De leden van de CDA-fractie vragen waarom niet eerst de uitwerking van de maatregelen zoals het trekkingsrecht en het zorgplan worden bezien.

Het aanpakken van fraude met pgb’s stond al eerder in de belangstelling van de Kamer naar aanleiding van geconstateerde overtredingen. Naast fraude met pgb’s doen zich ook frauderisico’s bij de zorg in natura voor. Omdat het pgb een beslag op de financiële middelen kent van circa € 2,4 miljard en er in de AWBZ-zorg in natura in totaal circa € 26 miljard omgaat heeft juist het aanpakken van fraude in de AWBZ-zorg in natura een hoge prioriteit.

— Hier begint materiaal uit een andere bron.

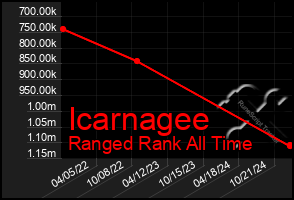 Total Graph of Icarnagee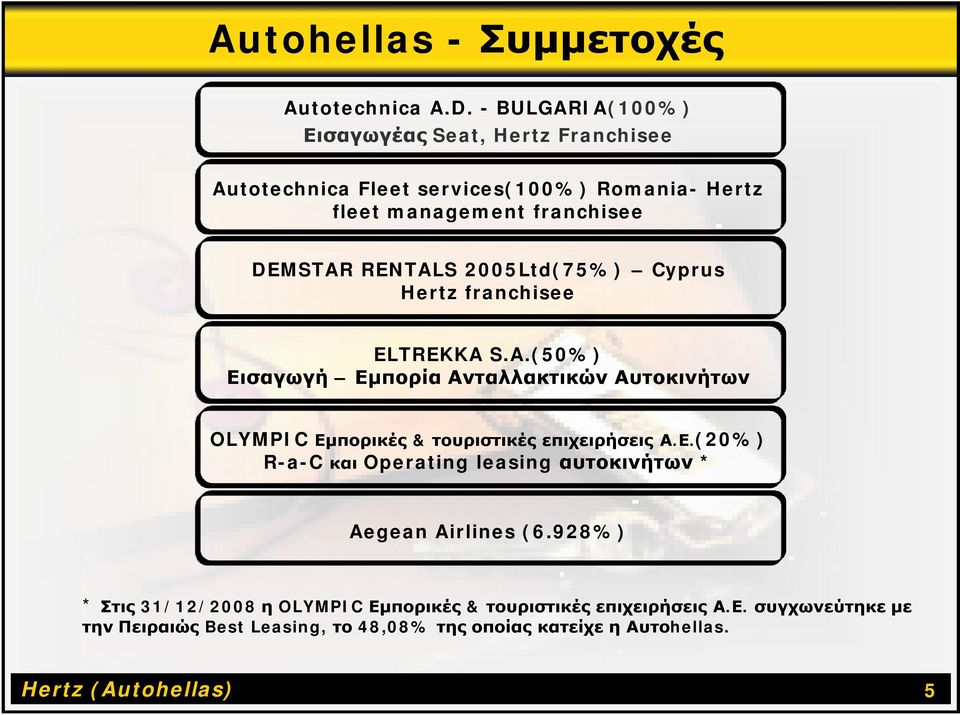 2005Ltd(75%) Cyprus Hertz franchisee ELTREKKA S.A.(50%) Εισαγωγή Εμπορία Ανταλλακτικών Αυτοκινήτων OLYMPIC Εμπορικές & τουριστικές επιχειρήσεις Α.
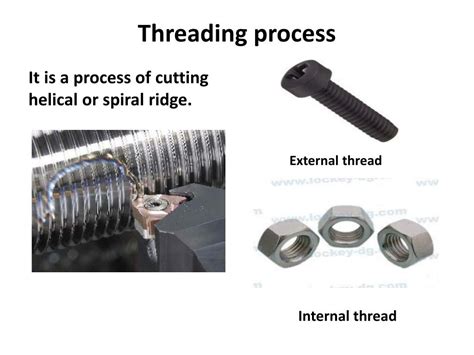 Explain The Process Of Threading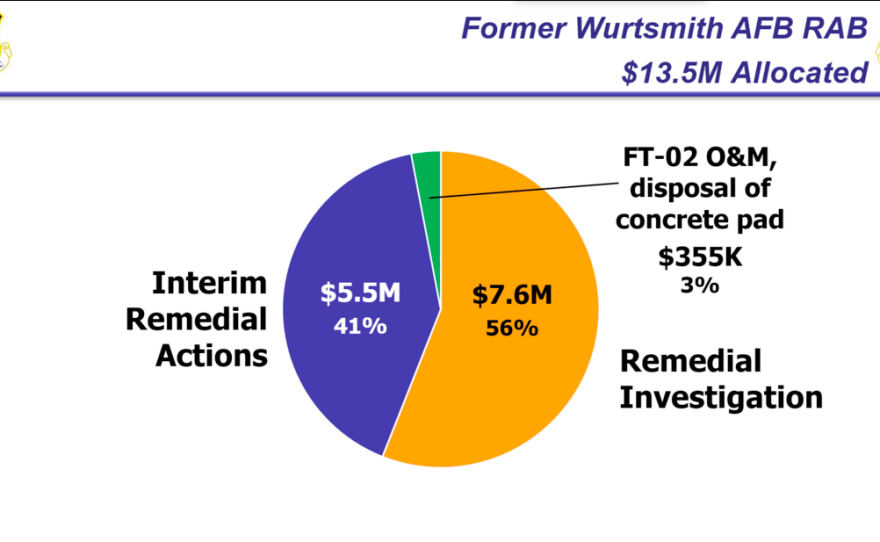 screen shot of Wurtsmith Air Force spending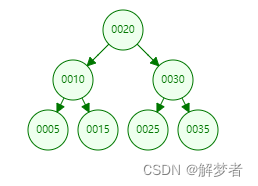 mysql怎么给单个分区加索引 mysql分区表索引_存储过程_02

Deze leden horen wel eens uit het veld dat als een zorgkantoor een vermoeden van fraude aangeeft het OM er zelden werk van maakt. Zij willen graag weten hoe het staat met de strafrechtelijke veroordeling.

Het beeld dat het OM zelden werk maakt van een vermoeden van fraude aangegeven door een zorgkantoor wordt niet herkend. Wat betreft de strafrechtelijk veroordeling verwijs ik naar de beantwoording op de gelijksoortige vragen van de leden van de SP-fractie onder hoofdstuk 5 van de beantwoording.